I purchased mine on December 23rd 2006 at a dealer in Downtown L.A for 300 above invoice, and that was around the time that they were difficult to find---- they had exactly what I was looking for, Black on black, Nav and Tech package.. and I got 23,000 in trade on my R32.
I called around to various dealers in the area, and other dealers said I was getting a great price on the one that I ended up purchasing.


----------



## PanEuropean (Nov 3, 2001)

*Re: Anybody getting deals??? (juicedvr6)*


_Quote, originally posted by *juicedvr6* »_The problem with the dealerships there is that they are charging an additional premium of 2000 over MSRP.

Wow. That is so incredible. If any VW dealer attempted to charge a price higher than MSRP in Canada or in any country in Europe, VW would be around to take the VW signage off their building before the sun went down - that kind of customer contempt is forbidden by VW everywhere outside of the USA, where there are laws that specifically permit it.
Michael


----------



## cb391 (Mar 12, 2006)

*Re: Anybody getting deals??? (PanEuropean)*

Unfortunately the laws on our side of the border does not prevent this. All you can do is try and find a dealer who would rather make and keep a customer over getting greedy and chasing them away. I ordered mine as soon as the dealer could accept the order and paid the expected MSRP. I also are having them do any needed service work because they have so far treated me with respect.

Andy


----------



## blowinginthwind (Feb 27, 2007)

My local dealership was also asking a $2000 premium. Customer contempt is a good way to word it because that is exactly what it felt like. We just felt "yucky" when they offered that as the selling point. I did purchase the car elsewhere because I could get some off of the MSRP ($1000) so the difference was $3000 to us. I really felt badly because the salesman here spent time showing me the car and knew that I loved it. I called him to explain that I could get such a better deal and he had me talk to his sales manager who said "If you can get that price, you should go ahead and buy from them." I did, but now I will need to develop that relationship with the service department. Is it possible? Do you have suggestions for how to have the best possible relationship? Is just being a honest, polite customer enough, or should I bring cookies?


----------



## Roku (Jan 22, 2007)

*Re: Anybody getting deals??? (PanEuropean)*


_Quote, originally posted by *PanEuropean* »_If any VW dealer attempted to charge a price higher than MSRP in Canada or in any country in Europe, VW would be around to take the VW signage off their building before the sun went down...
Michael

Well that may be the case, seems dealers can simply get around this and I don't think it applies to just VW. For example, VWoC states:
_MSRP for 2007 models excludes taxes, destination charges, optional equipment, registration, and dealer charges. Emissions charges may vary by jurisdiction. Maximum suggested retail price before GST._ 
So you end up getting doc fees, higher destination charges, etc.
In the end it's what you paid totally.
Craig


----------



## just4fun (Oct 29, 2006)

*Re: (blowinginthwind)*


_Quote, originally posted by *blowinginthwind* »_ but now I will need to develop that relationship with the service department. Is it possible? 

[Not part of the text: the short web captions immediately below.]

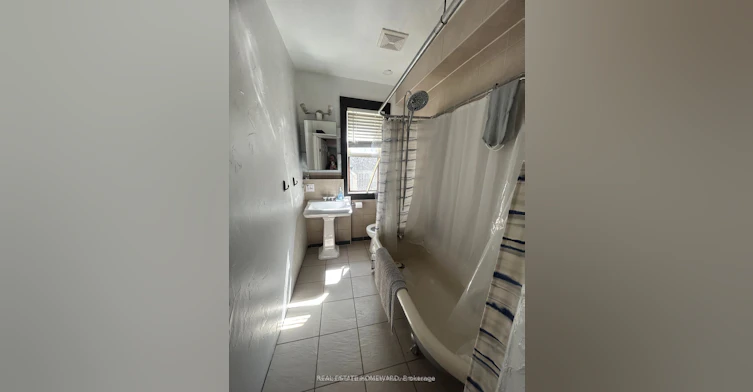 A-1297 Gerrard Street E, Toronto, ON, M4L 1Y8 - 7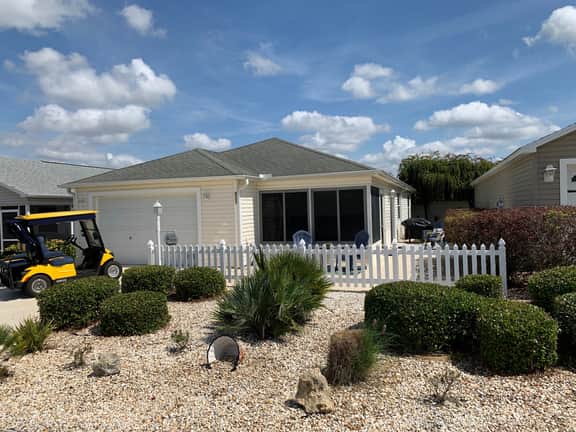 Recently updated Beautiful Villa with 4 Seater Gas Golf Cart, WIFI & BBQ!!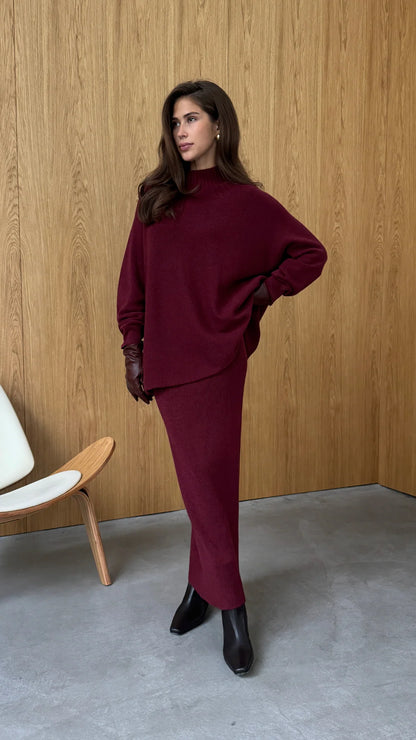 Alma Sweater (Dark Cherry)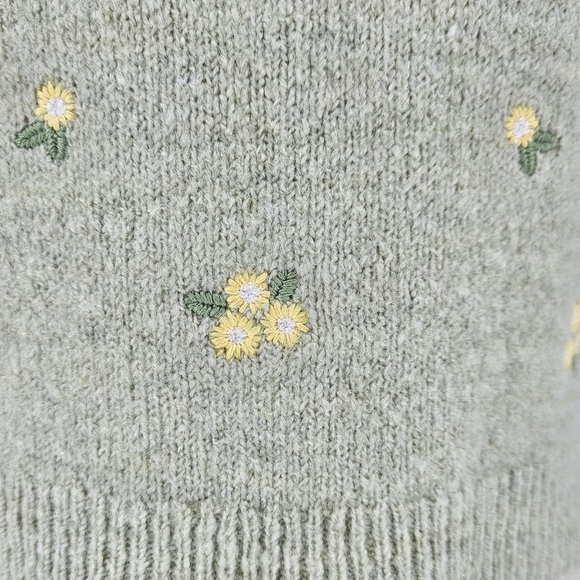 MNG Mango Sweater Tank Green Floral Embroidered Y2K Knit Shirt Medium - Picture 3 of 7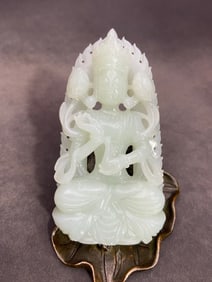 An Exquisite White Jade Statue of Avalokitesvara Ornament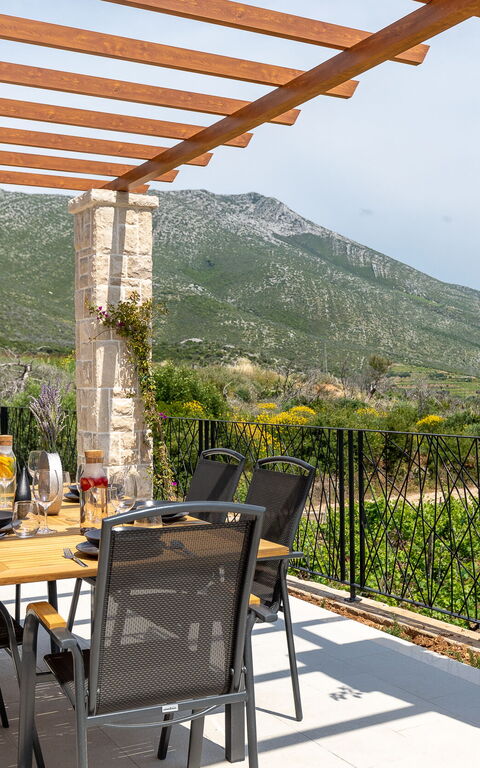 Villa Spectrum: Balkon / terras / patio, Buitenshuis, Keer bekeken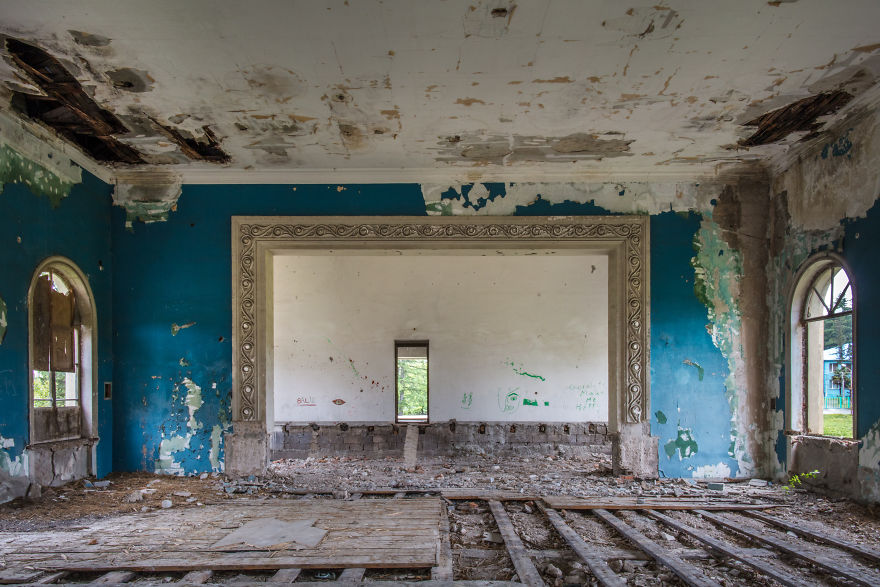 I&#8217;ve Captured the Beauty of Deserted Sanatorium from Soviet Era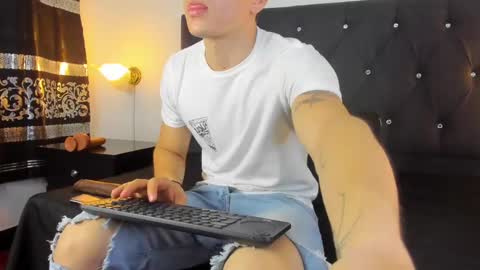 Snapshot of angel_cuervo chatting on February 15, 12:43 pm Angel Cuervo online show from February 15, 12:43 pm
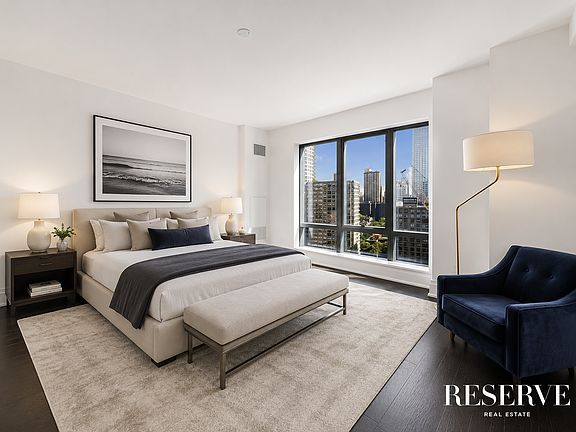 4th image of 50 Riverside Blvd APT 20C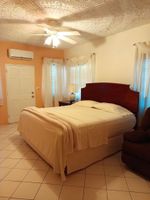 Alquiler Vacacional - 4Br, 5Bath, 5 minutes to Beach AC Home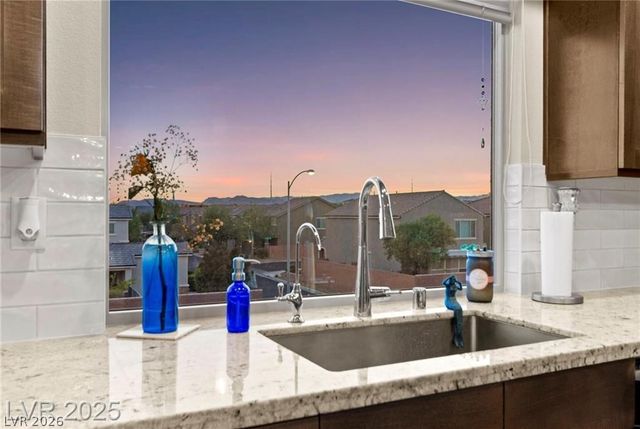 8011 Haywood Estate Avenue, Las Vegas, NV 89113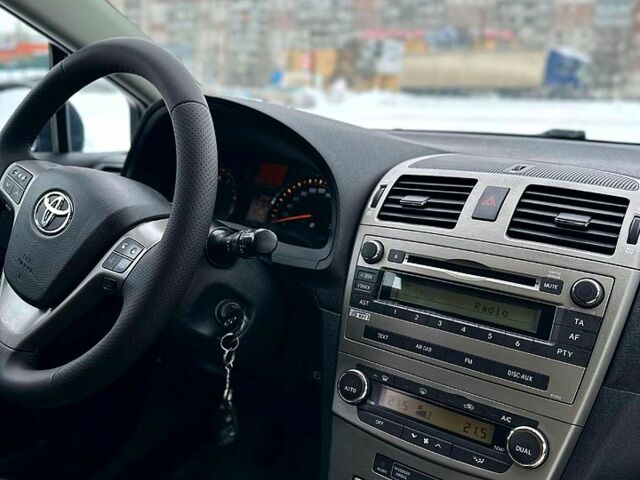 Черный Тойота Авенсис, объемом двигателя 1.8 л и пробегом 23600 тыс. км за 9000 $, фото 8 на Automoto.ua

Any reputable dealership should be happy to have your service work whether you purchased your car there or not. There is profit to be made in servicing, so why wouldn't they want the work?
Unfortunately it places the dealership's reputation in question, when they tack on a $2000 premium over MSRP.
Kevin


----------



## WolfsburgerMitFries (Jul 4, 2005)

*Re: (blowinginthwind)*


_Quote, originally posted by *blowinginthwind* »_My local dealership was also asking a $2000 premium. 

I'll toss this in as a thought....maybe it applies, maybe not. 6 months ago, there was discussion in this forum about the $2000 dealer premium issue, but they found out the $2000 premium was a correction mechanisim for dealing with people dragging in their old car that they are upside down in as a trade-in. So the lesson learned was to sell your old car yourself on Autotrader.com or Cars.com and negotiate for the Eos without your old car confusing the numbers. I've known that's just good advice anyway, don't ever drag in some trade in to confuse the negotiation process on a new car.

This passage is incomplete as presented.